Neste artigo, vamos descrever como funciona um programa de radioescuta automatizada, desenvolvido com a linguagem Python, que funciona com um dongle SDR comum.

Pode ser um brinquedo bem interessante, seja em uso como está (quem não quer ouvir conversas "proibidas" ou "secretas"?) quanto pelos aspectos de processamento digital de sinais que ele embute. Há potencial quase infinito de melhoria e ajustes, que você pode fazer.

Em primeiro lugar, uma demonstração do que nosso programinha pode fazer:

Demonstração do programa capturando alguns canais de intercomunicadores Talkabout das redondezas.

Na sessão de exemplo, o programa fica corujando diversas freqüências GMRS (utilizadas por comunicadores Talkabout e similares). O áudio é gravado apenas quando um sinal "bom" é detectado.

No repositório GitHub, há diversos scripts que utilizam o mesmo programa-base nfm.py para monitorar canais VHF de radioamador, UHF de polícia, comunicadores GMRS ("Talkabout"), freqüências de aviação e ATIS. Apesar do programa chamar-se "nfm", ele também decodifica AM.

Antes que alguém pergunte, radioescuta é legal no Brasil.
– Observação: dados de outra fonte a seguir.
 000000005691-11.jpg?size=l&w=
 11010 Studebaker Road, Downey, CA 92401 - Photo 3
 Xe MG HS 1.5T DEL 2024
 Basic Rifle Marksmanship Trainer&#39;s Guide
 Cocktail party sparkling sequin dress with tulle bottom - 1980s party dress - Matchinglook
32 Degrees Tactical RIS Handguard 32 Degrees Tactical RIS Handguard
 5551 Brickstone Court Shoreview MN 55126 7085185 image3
Divulgar gravações entra numa zona cinza, com chance maior de dar problema se violar a privacidade dos interlocutores (identificando pessoas, lugares e/ou datas).

Banda estreita

As rádios FM comerciais ocupam uma banda de 200kHz cada, a fim de obter boa qualidade musical com tecnologia analógica. Nas faixas de intercomunicação (aviação, polícia, serviços públicos, radioamadorismo em fonia FM) dedicadas à transmissão de voz, basta que o áudio seja inteligível. Cada canal ocupa uma banda muito estreita, em torno de 10kHz.
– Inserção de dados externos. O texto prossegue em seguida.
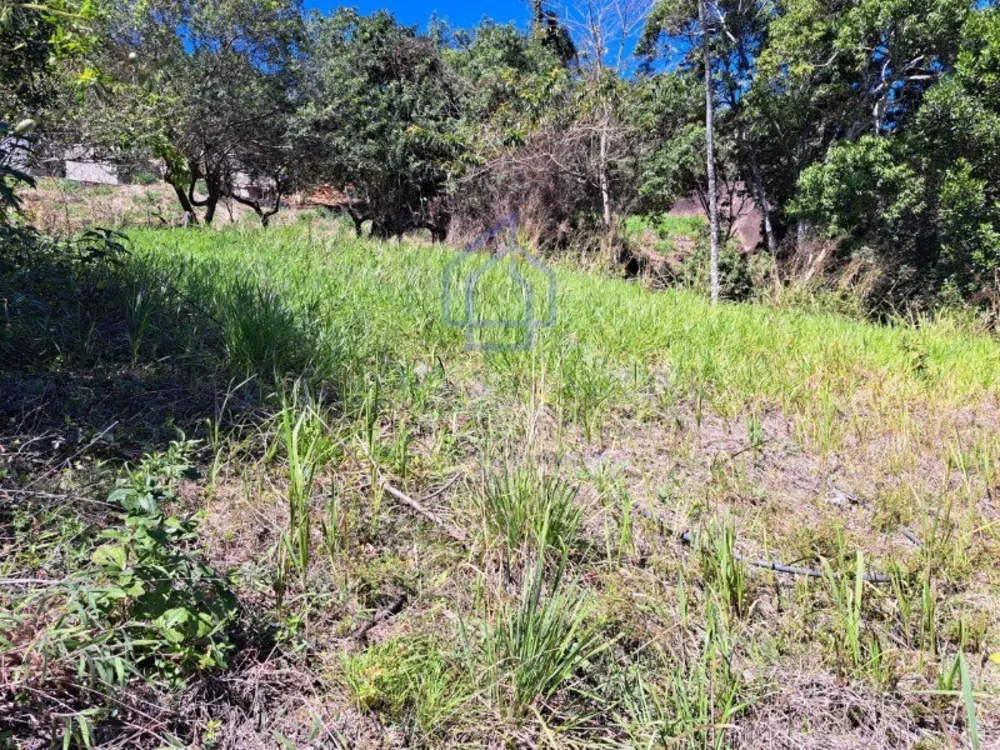 Terreno, 762 m² - Foto 13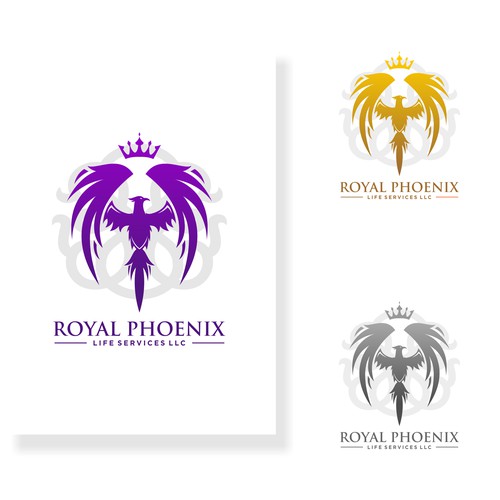 Royal PRoyal Phoenix Life Services LLChoenix Life Services LLC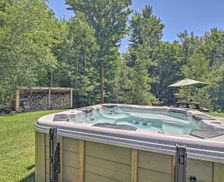 United States Vermont Waitsfield vacation rental compare prices direct by owner 2775848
Nesta seara, a modulação analógica mais comum é FM, embora aviação use AM. A tendência geral é migrar para modos digitais (DMR, P25) que usam menos banda e suportam criptografia. As agências reguladoras (ANATEL, FCC) insistem que novas licenças usem modos digitais para acomodar o maior número possível de usuários nas disputadas bandas sub-GHz.

Também é importante ressaltar que essas faixas de uso comercial são "canalizadas", ou seja, cada canal tem uma frequência e uma banda fixas. Em radioamadorismo, existem faixas não canalizadas, por exemplo Morse (CW) e fonia AM/SSB podem usar qualquer frequência da faixa destinada a esses modos. O ouvinte tem de procurar por um sinal, e fazer a sintonia fina para demodular perfeitamente. (Claro que os radioamadores tentam convencionar frequências e horários para facilitar essa procura.)
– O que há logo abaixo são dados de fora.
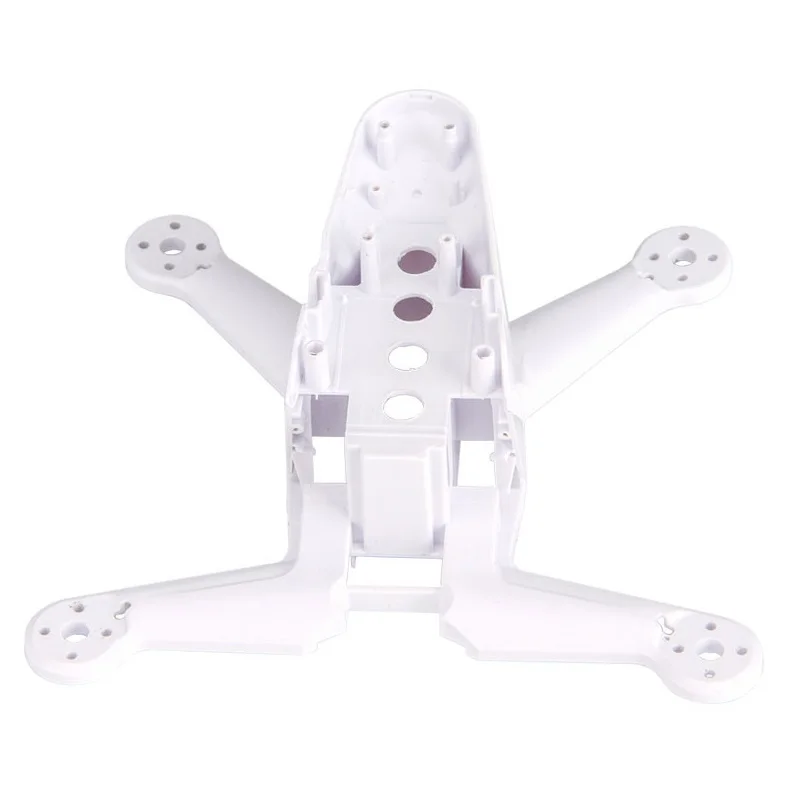 Original Parts Body Shell for Walkera Rodeo 150 RC Quadcopter Rodeo 150-Z-02(W) Z-02(B)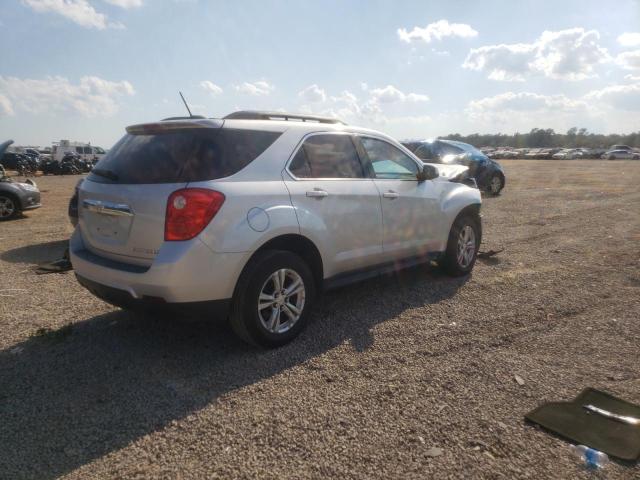 Photo 3 VIN: 1GNALBEK0FZ134648 - CHEVROLET EQUINOX LT 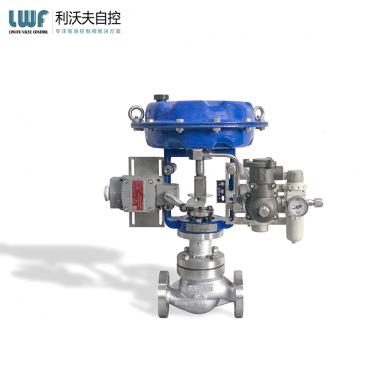 ZSPC三通大菠萝视频黄色软件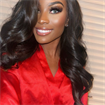sophia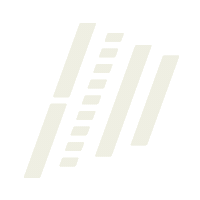 2911 Sticker by Church 29:11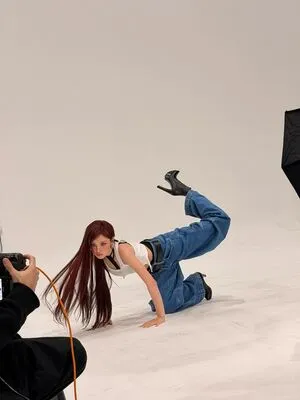 Yuqi OnlyFans Leaked Free Thumbnail Picture - #9vsSeLDP3A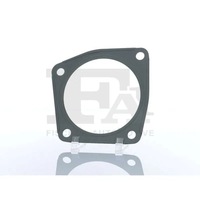 фото thumb №2, Прокладка трубы выпускной 730-927 fa1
Para um serviço comercial, usar canais fixos é muito mais fácil e prático. Os radioamadores também usam mais fonia FM do que qualquer outro modo. Por motivos técnicos, modulação analógica AM e principalmente FM combinam melhor com canais fixos. SSB não combina, por exigir sintonia fina.

Conforme mencionamos no artigo sobre FM comercial, o RTL-SDR não é capaz de filtrar uma banda muito estreita. É preciso capturar uma banda maior e filtrar por software. Por outro lado, como há uma concentração de canais numa faixa relativamente estreita, transformamos o limão numa limonada: temos a possibilidade de escutar muitos canais ao mesmo tempo, com um único dongle.

Script de radioescuta

O script abaixo é o utilizado no vídeo de demonstração:

BW=250000
CHANNEL_BW=12500
FREQS="462562500 462587500 462612500 462637500 462662500 462687500 \
	462712500 462550000 462575000 462600000 462625000 462650000 \
	462675000 462700000 462725000"
STEP=2500

# Determine center automatically
s=0
n=0
for f in $FREQS; do
	s=$(($s + $f))
	n=$(($n + 1))
done
CENTR=$(($s / $n))
CENTR=$(($CENTR / $STEP))
CENTR=$(($CENTR * $STEP))

rtl_sdr -f $CENTR -g 30 -s $BW - | \
	./nfm.py $CENTR $BW $STEP $CHANNEL_BW $FREQS . -a $*

A variável BW é a largura de banda total que desejamos monitorar. Essa banda deve ser compatível com o suportado pelo RTL-SDR (200-300k, 900k-2800k) e deve ser 20% maior que a faixa que realmente nos interessa. Ela também deve ser múltipla de 25000, por questões internas do programa.

A variável CHANNEL_BW é a largura do canal. No caso do Talkabout analógico, é 12.5kHz.

A variável FREQS contém a lista de frequências, dos canais que desejamos monitorar. Quanto mais canais, mais CPU o programa vai usar, até chegar num ponto que ele não dá mais conta de trabalhar real-time. Sugiro testar com poucos canais e ir aumentando o número, sem deixar o uso de CPU chegar a 100% em todos os núcleos.

Note ainda que a distância entre a menor e a maior freqüência de FREQS deve "caber" dentro de BW. Essa distância deve ser uns 20% menor que BW, pois a filtragem do RTL-SDR não é perfeita nos extremos da banda capturada.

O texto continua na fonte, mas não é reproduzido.